In India, Aggressive demonetization measures pushed by the government resulted in doubled transaction volumes but little revenue growth. Responsive to request by the Indian Government, VISA charged no fees for processing through 12-31-2016.  VISA regards this as an opportunity to expand the network and acceptance internationally, focusing on building customer awareness and merchant acceptance 

Kelly articulated “So.. when you consider the economics of the investment we will make in India, plus conservative pricing, it will not drive much profit this year. But this is a great year to make sure we do everything we can in one of the two largest population countries in the world to get as good a position as we can to help us over the next decade. “

I would like to make two observations on this lovely sentence.

1. It prioritizes strengthening the company competitive advance for the long term over short  term profits

2. the nature of the VISA business supports long term investments such as the one mentioned because of its competitive advantage.  The VISA services introduced into the developing India market will still be indispensable in 10 y.  As long as VISA continues to support successful innovations in payments, while nurturing and strengthening its network security and reach, it will undoubtedly maintain its relevance and dominance in the market. 

 

 

 

Management must defend and extend competitive advantage

Dec. 8, 2015.  The first criterion for an eternal investment is the presence of a durable competitive advantage.  This means other companies are not able to compete with the company in its markets.    But there a critical second two aspect of this feature. An impregnable competitive advantage by itself is not enough to confer everlasting earnings growth.  A second critical facet of this feature is that management consistently anticipates or reacts to changes in the market or competitive landscape by finding profitable ways of extending the company’s competitive advantage into new markets that are tangibly related to its current markets. As technology evolves to change markets and create new markets, the company adapts to meet new demands. Otherwise, other so called “disruptive” companies will meet the demands of those new markets. in some cases, new technology can abruptly threaten a company’s product with obsolescence. Then, the company must either change its business to adapt to the new market, change to serving a market related to its original product, or fold. The cash built up through its current strong franchise, and expertise in serving the current market, should give the company a head start in adapting to change. But in order to execute this, management must maintain a culture which detects looming changes, proactively develops new initiatives and enforces profitability. Indeed, it is management culture that establishes dominance in different, evolving markets over the history of a long lived, “eternal company”. The continuation of a company’s competitive advantage into the future is not guaranteed, but shaped by management culture.

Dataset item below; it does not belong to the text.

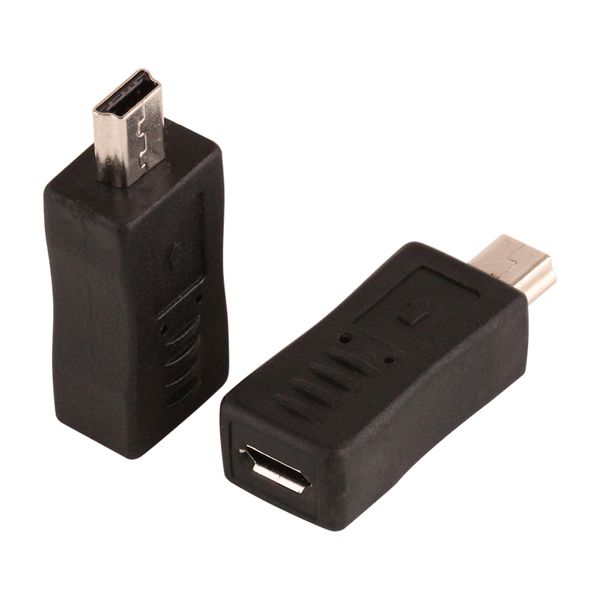Noir Mini 5Pin Mâle vers Micro USB Femelle Connecteur Adaptateur Chargeur Convertisseur Adaptateur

One might say that no competitive advantage is truly eternal.  The foreseeable future inevitably gives way unforeseen innovations.  Competing companies use these to erode the formerly dominant company’s market share.  Undoubtedly this does occur, and recently there is much talk of “disruptive innovation”.  In many cases the problem may be more that management of company A does not efficiently enable utilization of novel tools to maintain its domination.  Or, does not imaginatively envision how the new tools can be used to extend its markets. This might apply to Microsoft in the years between 2000 and 2014, when it seemed to focus more on maximizing profit from the windows, office, server franchise, rather than expanding into new markets for its software afforded by digital readers and mobile phones. In fact, arguably Microsoft’s own management which impaired its revenue growth, as much as the strength of Apple or Google.  In other words, it is not that android or iOS phones have destroyed the market for Microsoft Office products, far from it.  Rather, they have created a large new market for mobile computing, a market related to Microsoft’s market for its productivity software.  And Microsoft has failed to extend its dominance into this new, related market.  In 2014, in a vigorous departure by new CEO Nadella, Microsoft began making a concerted attempt to forge into the market for mobile productivity software, for example by releasing Office for iOS and Android.  More interestingly, work on this software had begun under the previous CEO Balmer.  But more interestingly still, the strategy of creating Microsoft applications for other companies’ platforms had been heavily utilized in earlier Microsoft history, so it was actually part of the engineering and management culture.

Competitive Advantage is at the intersection of Market Need and the Company’s Unique Ability Supply It.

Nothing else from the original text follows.